■ EXERCISE AIM:
Nothing but the lines below from the one containing "Salvage Hyundai ELANTRA Image" through the one containing "Lot 726 - metalen" should appear in the answer, exact and without pictures.

___ RECORDS TO PROCESS ___

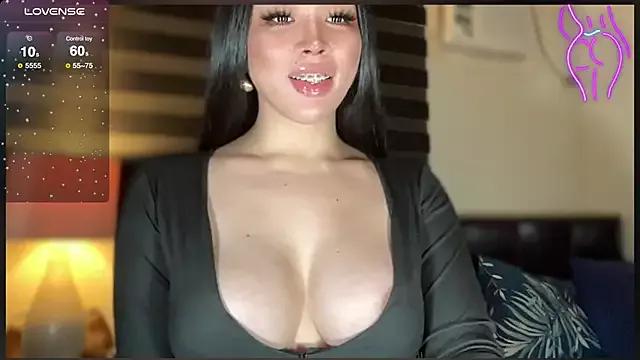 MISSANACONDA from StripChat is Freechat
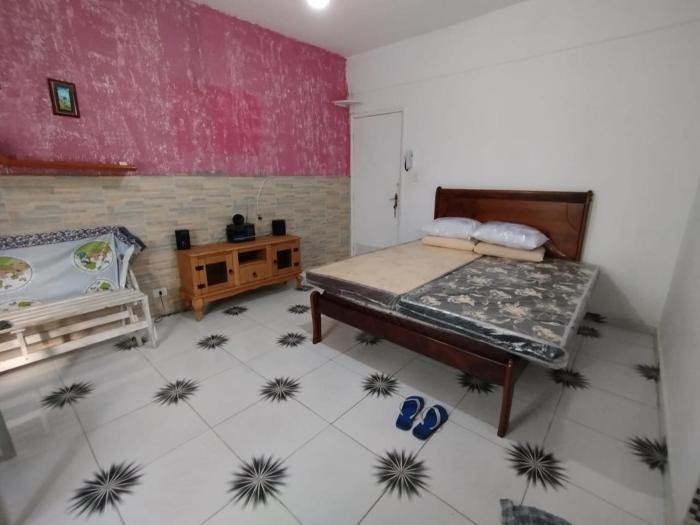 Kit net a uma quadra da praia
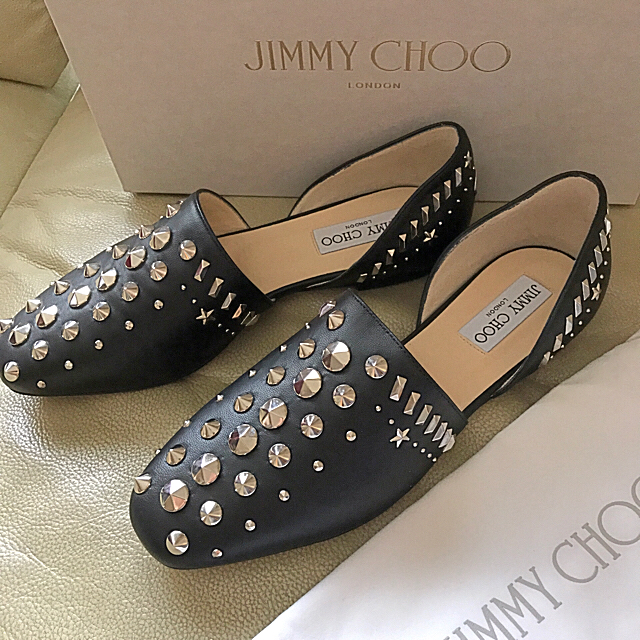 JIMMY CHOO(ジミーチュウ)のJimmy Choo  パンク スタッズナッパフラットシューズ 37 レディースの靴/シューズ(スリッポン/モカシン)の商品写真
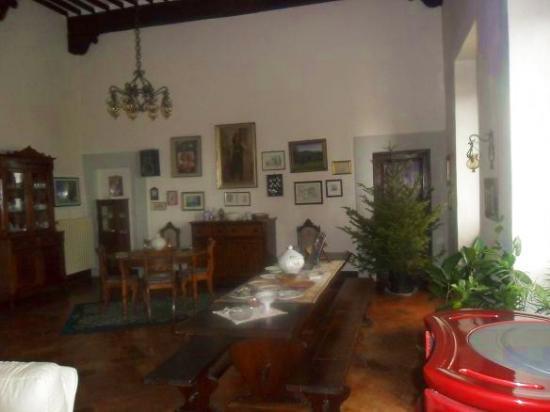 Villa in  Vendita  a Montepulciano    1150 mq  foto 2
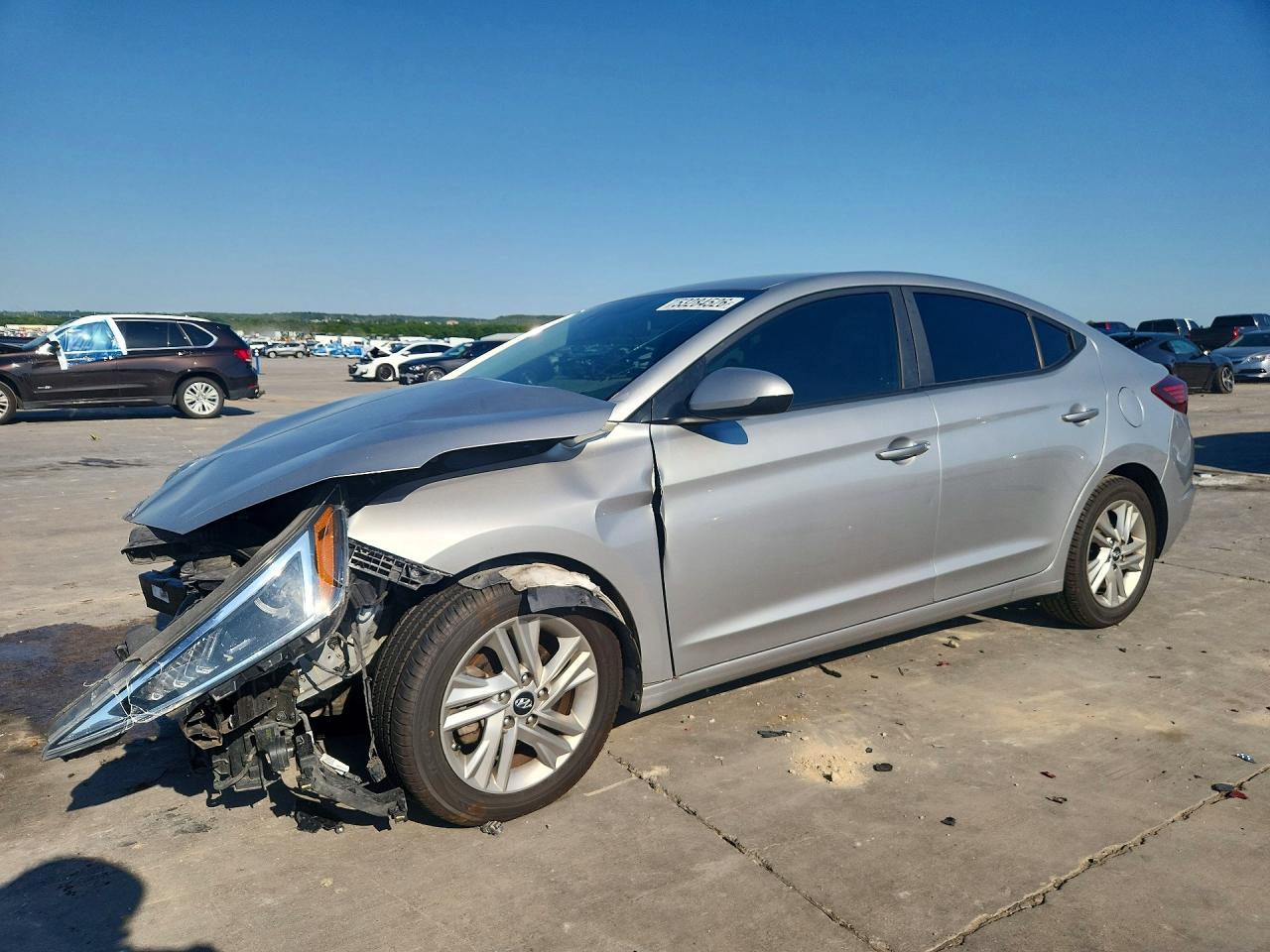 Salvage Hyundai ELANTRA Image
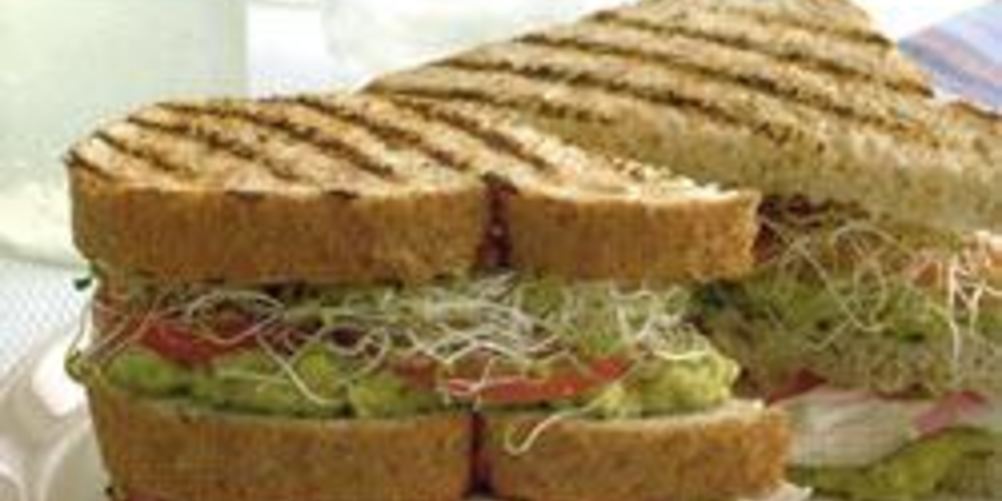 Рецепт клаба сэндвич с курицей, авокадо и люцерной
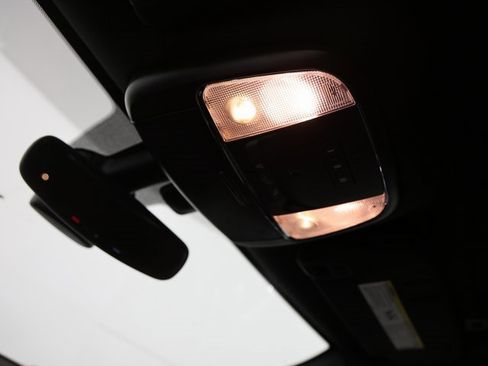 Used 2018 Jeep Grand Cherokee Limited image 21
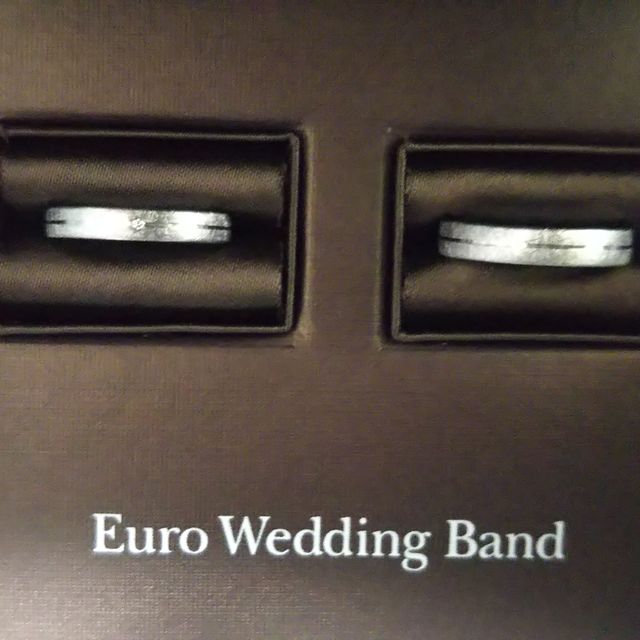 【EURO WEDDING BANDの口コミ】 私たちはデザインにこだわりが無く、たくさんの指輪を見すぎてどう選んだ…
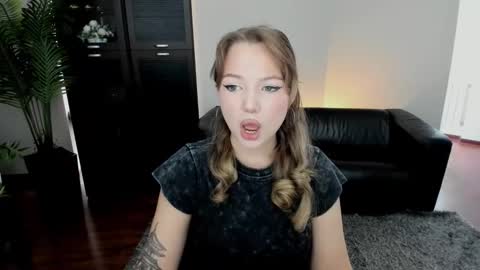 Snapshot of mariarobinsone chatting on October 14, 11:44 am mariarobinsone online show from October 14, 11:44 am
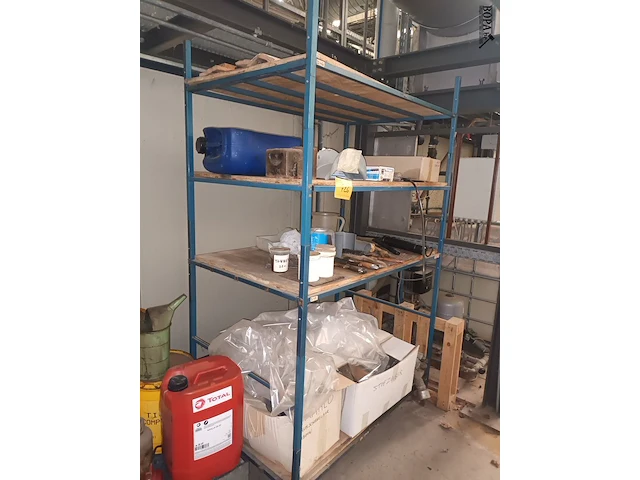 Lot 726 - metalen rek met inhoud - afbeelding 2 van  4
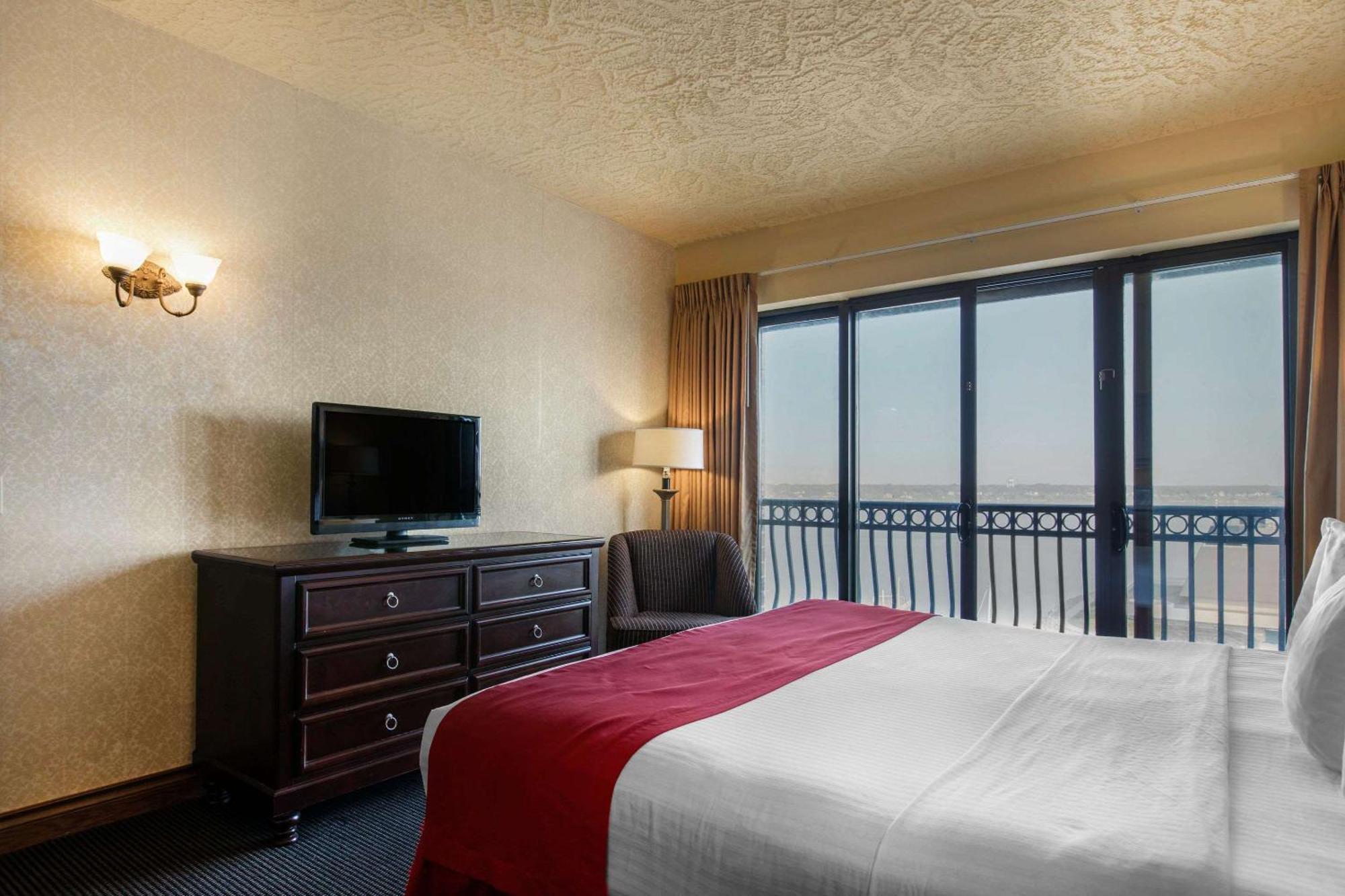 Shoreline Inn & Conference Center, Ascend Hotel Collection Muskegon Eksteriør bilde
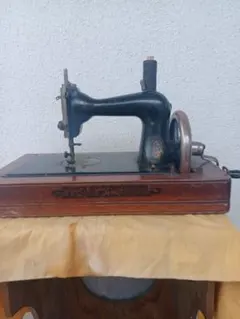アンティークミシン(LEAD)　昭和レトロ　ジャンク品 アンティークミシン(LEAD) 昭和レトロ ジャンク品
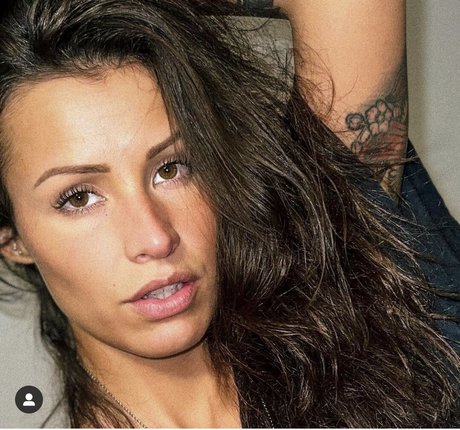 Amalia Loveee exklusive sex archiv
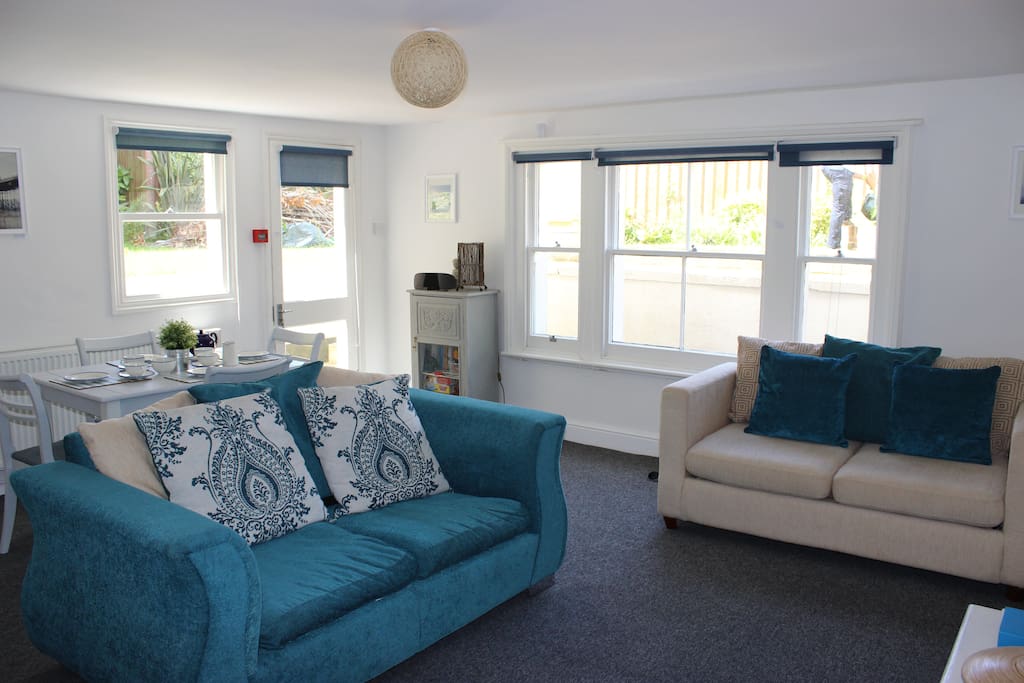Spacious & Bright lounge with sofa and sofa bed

___

■ RESPONSE BOX:
 Salvage Hyundai ELANTRA Image
 Рецепт клаба сэндвич с курицей, авокадо и люцерной
 Used 2018 Jeep Grand Cherokee Limited image 21
 【EURO WEDDING BANDの口コミ】 私たちはデザインにこだわりが無く、たくさんの指輪を見すぎてどう選んだ…
 Snapshot of mariarobinsone chatting on October 14, 11:44 am mariarobinsone online show from October 14, 11:44 am
 Lot 726 - metalen rek met inhoud - afbeelding 2 van  4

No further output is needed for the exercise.